---- RECORDED DATA

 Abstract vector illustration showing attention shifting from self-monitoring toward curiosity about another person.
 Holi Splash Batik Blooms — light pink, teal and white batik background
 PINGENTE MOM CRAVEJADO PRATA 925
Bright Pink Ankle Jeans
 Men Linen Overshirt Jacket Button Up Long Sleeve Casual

--------
---- RECORDED DATA

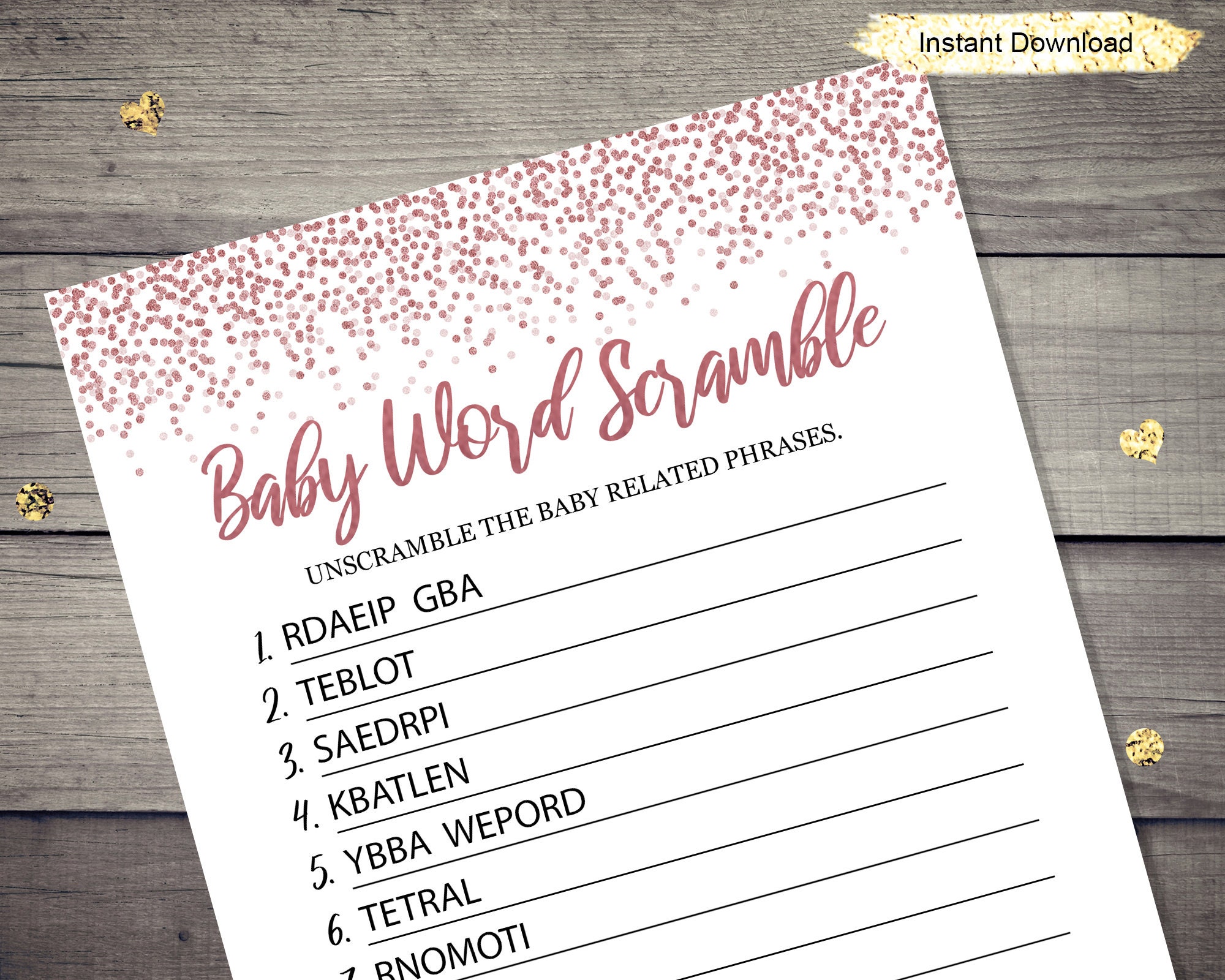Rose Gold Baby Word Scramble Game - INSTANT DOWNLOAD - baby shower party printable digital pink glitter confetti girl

--------
---- RECORDED DATA

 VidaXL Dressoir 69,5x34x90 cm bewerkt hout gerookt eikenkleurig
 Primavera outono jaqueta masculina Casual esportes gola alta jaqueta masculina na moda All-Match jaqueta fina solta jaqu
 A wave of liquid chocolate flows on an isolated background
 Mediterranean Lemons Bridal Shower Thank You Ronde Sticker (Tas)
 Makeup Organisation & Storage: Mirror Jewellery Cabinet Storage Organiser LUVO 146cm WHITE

--------

#### [PROBLEM TO WORK ON]
Write down only how many lines in the listing contain the word "Casual".

#### [RESPONSE]
2